Those who did would likely fumble through it pulling together random thoughts and
trying to stretch it out to “make time.” Forensics students know how to draw on visual
and oral skills to present a message. That is really the easy part. They draw on
rhetorical devices to help audiences understand extremely complex ideas. They
master the art of emoting and expressing literature in a way that can literally cause an
audience to stop breathing. They will learn to make an audience laugh, cry,
understand, and question what they thought they knew. They will take these skills
with them when they leave and they will use those skills every day at work, with their
friends, and with their children.
I recently had a discussion with a Captain in the Marine Corps about an issue
he was struggling with for a paper he was writing. The issue was a military issue that
I think I understood on a rudimentary level. After he explained what he wanted to do
with the paper, he said something like “I’m just not sure where to take it from here.”

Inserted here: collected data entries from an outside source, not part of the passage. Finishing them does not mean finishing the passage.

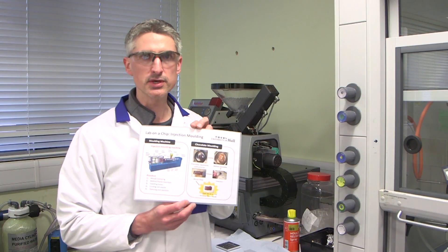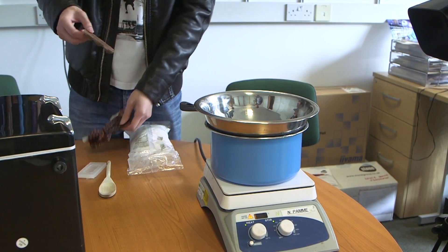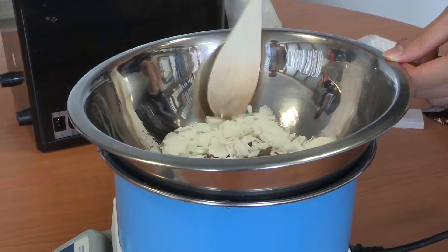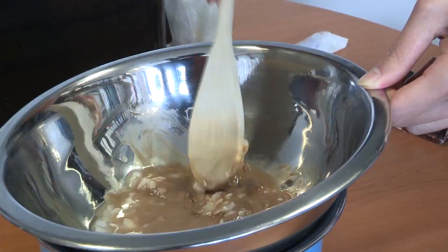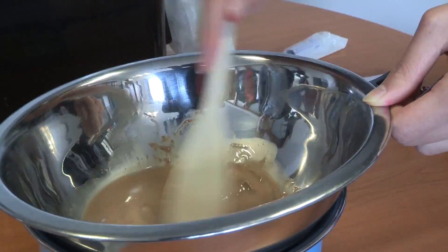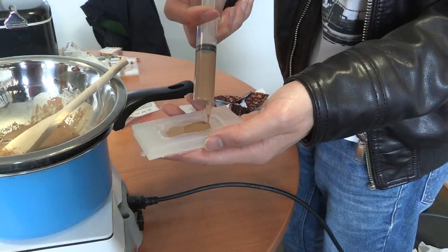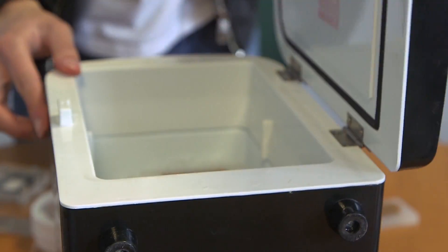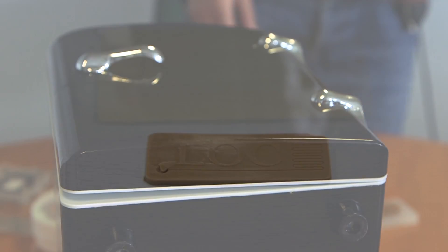One of the ways that we use for making microfluidic devices at Hull is injection moulding. As a model of that, making the silicone moulds and pouring molten chocolate into the mould and then letting it set to create a wafer with a microstructure in it.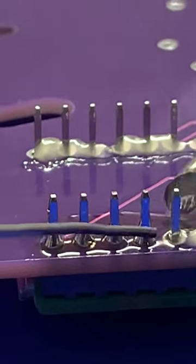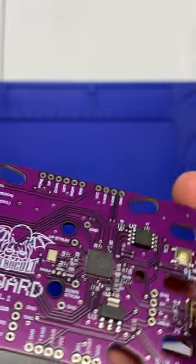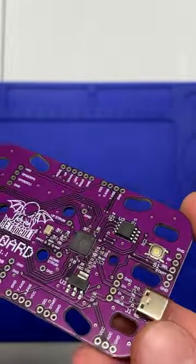Modding can be fun, but soldering 40 pins in a Pi Pico is not, so I took all the components of a Pi Pico and put them on the board itself. So no more soldering all those tiny little pins.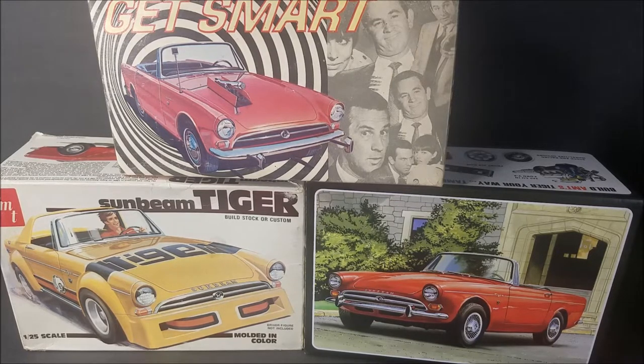One beam, Alpine, Tiger, the Get Smart Car — the 70s or 80s issues. Matchbox, I think it was Matchbox — Lesney — something like that when they owned AMT, and then the round two version.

So I quickly outlined the ideas he had just run passed me, told him which claims he
would need support for, and suggested two or three counter arguments that he should
address in the paper. It was much easier that coaching a persuasion or helping to
develop a debate case. When I looked up from the notes I was making for him he was
24 | Page NFJ2016
literally sitting there looking at me with his mouth hanging open. He said “How do
you do that so fast? I might have been able to do that with a couple of weeks to think
about it but you did it in two seconds and I didn’t even think you were really paying
attention that much.” That skill is what forensics teaches; it is the mental agility that is
needed for creativity and critical thinking.

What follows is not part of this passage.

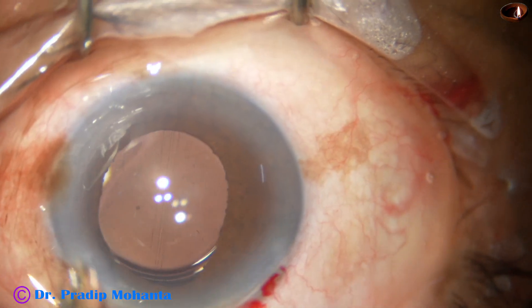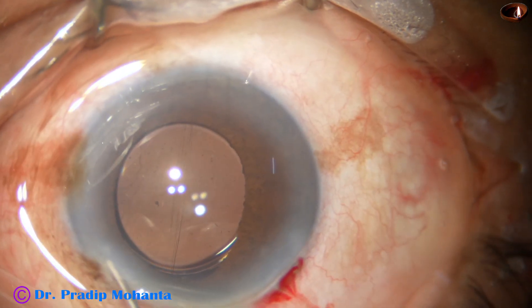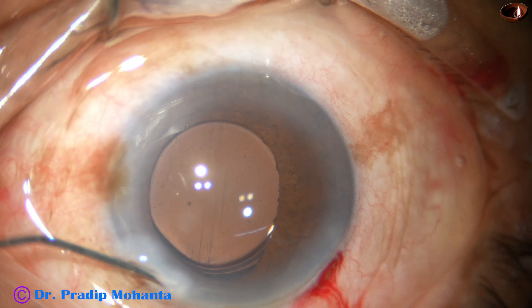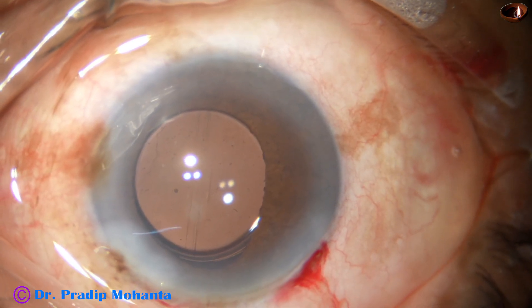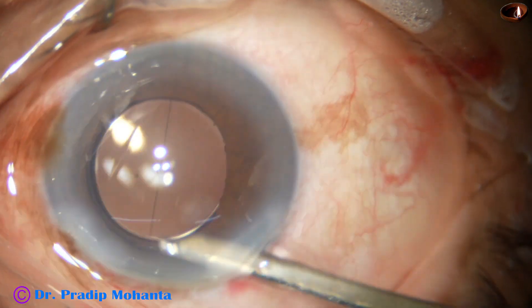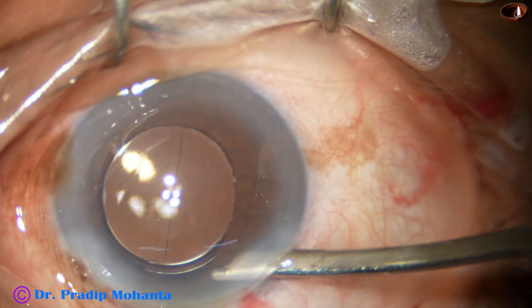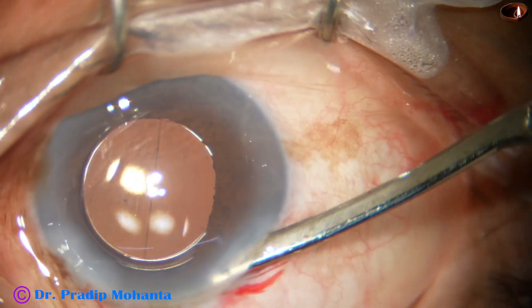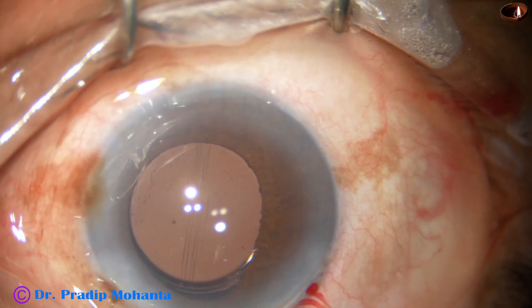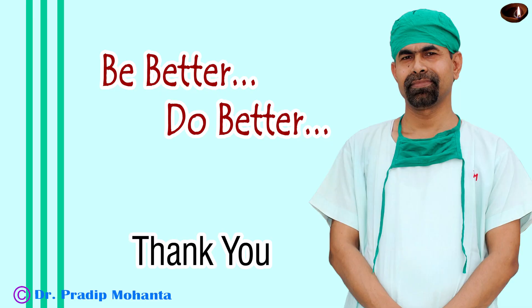Now moxifloxacin, closure of the side port, and then a final lavage of the anterior chamber. The anterior chamber is nicely formed. Integrity of all the wounds is checked and the case is concluded.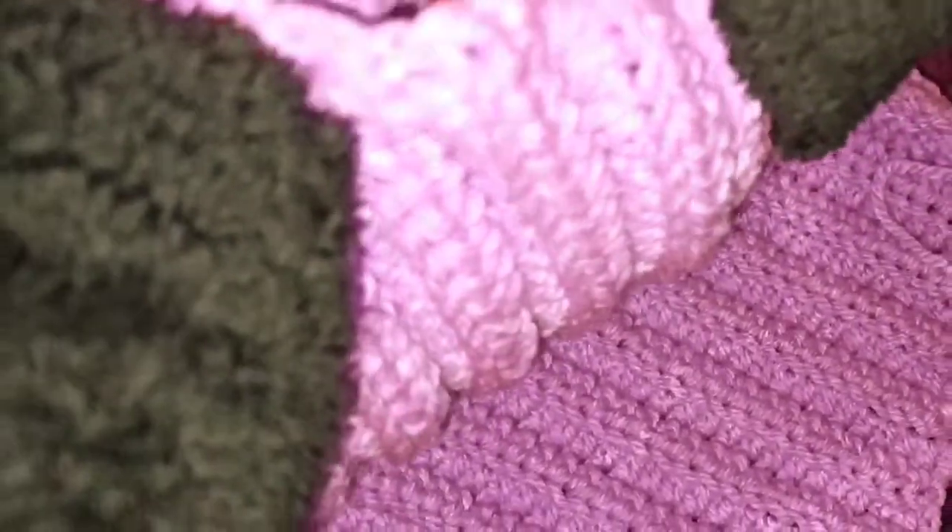I fold this side in half as well and then slip stitch there.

While Tepper and Kuh (2011) provide cumulative characteristics of the kinds of
activities and perspectives students learning to develop their creativity will find most helpful,
other researchers have looked at the individual characteristics of creative organizations to see
what organizational factors and climates best facilitate creativity. Hemlin, Allwood, and
Martin (2008) found that encouraging supervisors, freedom to choose work assignments, and
contact with researchers in neighboring research fields promote creativity. These would be
common traits of successful forensics programs as well. In the same way that some
workplace supervisors do not allow employees to choose assignments or mandate exactly
how work is to be done, there are coaches who assign students to events and model for the
students how the performance should look. These are not good coaches and they are not
stimulating the students’ creative abilities. At best, students of coaches who take this
approach will never be better than the coach they are told to model. An extremely directive
coach inherently limits the students’ opportunity for growth and the development of
creativity. Shapira (1995) points out that an organization's support for creative actions and
willingness to use creative ideas are critical in promoting creativity. When students develop a
new approach or technique and that approach or technique is functionally sound and
improves the overall performance, other students will also adopt that approach. "In creative
settings, exposure to creative exemplar products may invite imitation and as such influence
creative performance" (Rook & van Knippenberg, 2011, p. 346). This idea is also proffered
by Ashton-James & Chartand (2009). Duncan (2013) and Cronn-Mills and Schnoor (2003)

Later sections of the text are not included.